- Developers: Three-Sixty Pacific; Applied Computing Services;
- Publishers: Three-Sixty Pacific, PSS
- Designer: Larry Bond
- Series: Harpoon series
- Platforms: Amiga, MS-DOS, Macintosh
- Release: 1989
- Genre: Real-time wargame
- Mode: Single-player

= Harpoon (video game) =

1989 computer wargame

Harpoon is a computer wargame published by Three-Sixty Pacific in 1989 for MS-DOS. This was the first game in the Harpoon series. It was ported to the Amiga and Macintosh.

==Plot==
Harpoon is a game in which the player is the commander of either NATO or Soviet forces, making judgment calls and sending orders to ships and aircraft, armed with weapon systems selected from more than 100 available options. The game mainly focuses on combat in the GIUK Gap.

==Gameplay==
Harpoon is a naval simulator that uses data regarding real military equipment and weaponry, based on a miniatures wargame. The game does not use preset battle algorithms to control the outcome of combat, and does not control play balance between sides. The game comes with a user's guide with an appendix of information on the politics between superpowers and modern maritime warfare strategies, a Harpoon Tactical Guide by Larry Bond, and a booklet by author Tom Clancy about Russian destroyers. Clancy used the simulation to test the naval battles for Red Storm Rising, which he co-authored with Bond.

==Development history==
In the late 1970s, a manual wargame called SEATAG was introduced by the United States Navy for exploring tactical options.
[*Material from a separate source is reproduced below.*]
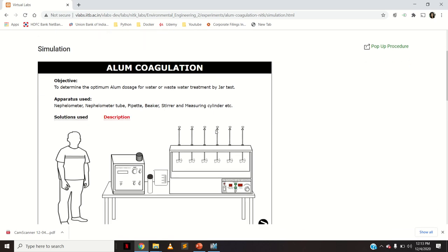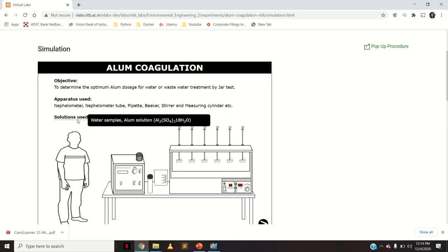The objective of the experiment is to determine the optimum alum dosage for water or wastewater treatment by jar test. The apparatus used includes a nephilometer, nephilometer tube, pipette, beaker, stirrer, measuring cylinder, and the jar test apparatus. The solutions used are the water sample and the alum solution.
It was available in both classified and unclassified versions. SEATAG was developed into a true tactical training game called NAVTAG that ran on three networked microcomputers for the Red Side, Blue Side, and Game Control.

Former naval officer and future author Larry Bond's exposure to this system in 1980 while on active duty led to the eventual development of Harpoon.

The original game was expanded with additional releases including Harpoon BattleSet 2: North Atlantic Convoys (1989), Harpoon Battleset 3: The MED Conflict (1991), Harpoon BattleSet 4: Indian Ocean / Persian Gulf (1991), and Harpoon Designers' Series: BattleSet Enhancer (1992).

A remake was released in 1994 titled Harpoon Classic. Another remake based on Harpoon Classic was released in 1997 titled Harpoon Classic '97.

==Reception==

Sales of Harpoon surpassed 80,000 copies by 1993.

In the February 1990 edition of Computer Gaming World, M. Evan Brooks, a United States military officer, gave the game five stars out of five. He stated that "there is no question that Harpoon is the most detailed simulation to appear in the civilian marketplace ... a must-have for the serious naval gamer", and that he had learned more from six hours with the game than one year at the Naval War College.

In the April 1990 edition of Dragon (Issue 156), Patricia, Kirk and Hartley Lesser called this "is a true simulation with data reflecting real-world equipment and weaponry." They thought the game was "a graphical masterpiece". They concluded by giving the PC DOS/MS-DOS version of the game a perfect score of 5 out of 5, saying, "a simulation that is far more than a game – it's war!". A year later, they gave the Macintosh version a perfect score as well. Six months after that, the Lessers gave the Amiga version another perfect score.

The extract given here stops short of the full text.